**Problem requirements:** Repeat the data exactly, please; no pictures belong in the copy.
· · · ·
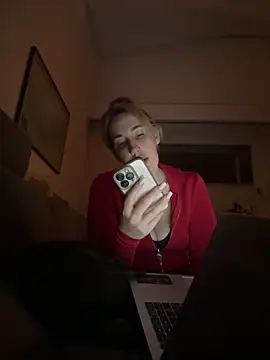 Snapshot of JuliaPrivat chatting on 28, 2, 2026 JuliaPrivat online show from 28, 2, 2026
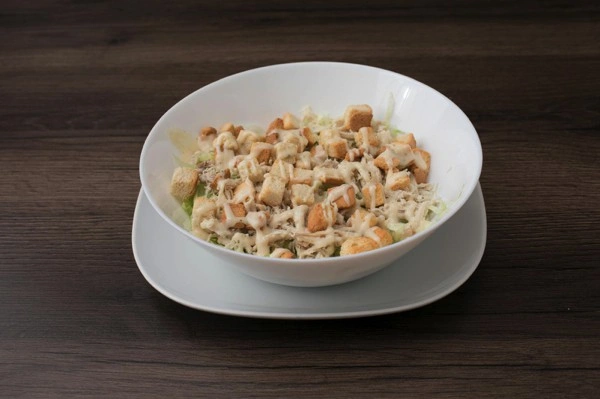 Ensalada César con pollo y picatostes en Tizones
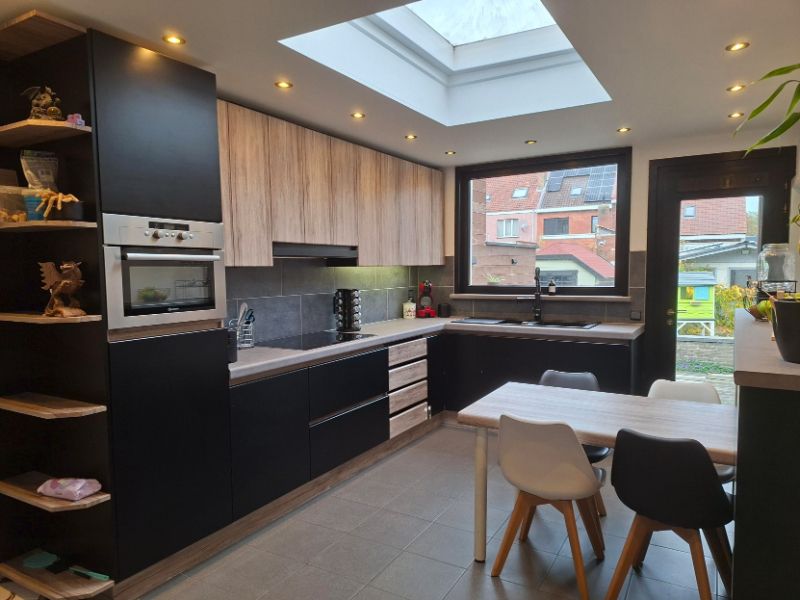 Verzorgde woning in hartje St-kruis foto 4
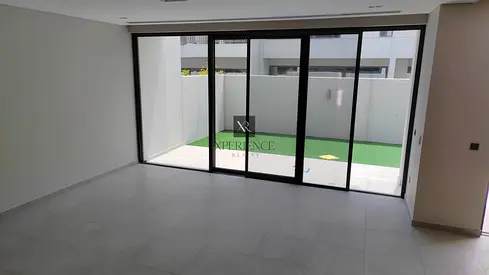 GARDEN AND STREET VIEWS | UNFURNISHED FAMILY HOME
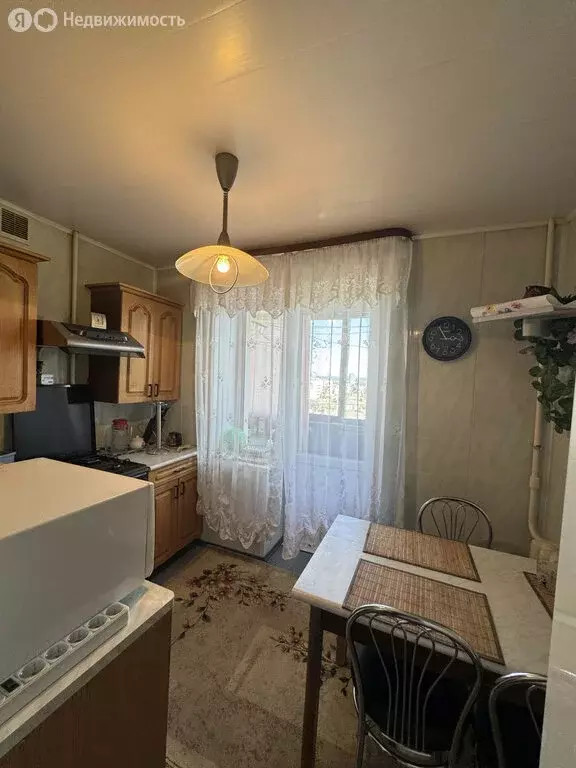3-комнатная квартира: Волгоград, улица Рокоссовского, 56 (60 м) - Фото 1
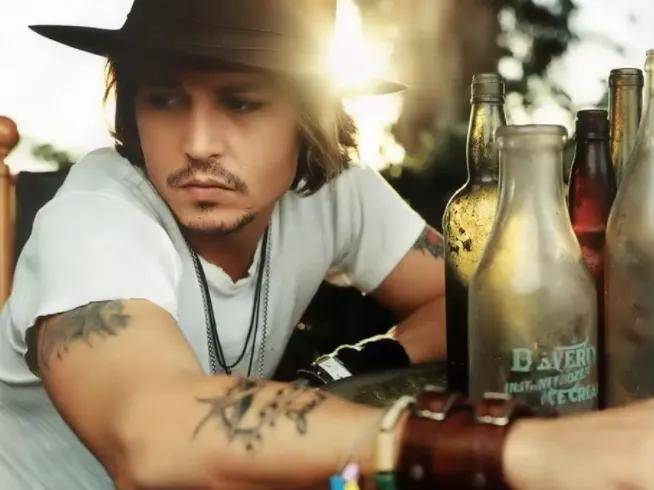 美国|片投网电影节新闻：卡罗维发利国际电影节开幕 迈克尔·凯恩获水晶地球仪奖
· · · ·
**Output for this task:**
 Snapshot of JuliaPrivat chatting on 28, 2, 2026 JuliaPrivat online show from 28, 2, 2026
 Ensalada César con pollo y picatostes en Tizones
 Verzorgde woning in hartje St-kruis foto 4
 GARDEN AND STREET VIEWS | UNFURNISHED FAMILY HOME
3-комнатная квартира: Волгоград, улица Рокоссовского, 56 (60 м) - Фото 1
 美国|片投网电影节新闻：卡罗维发利国际电影节开幕 迈克尔·凯恩获水晶地球仪奖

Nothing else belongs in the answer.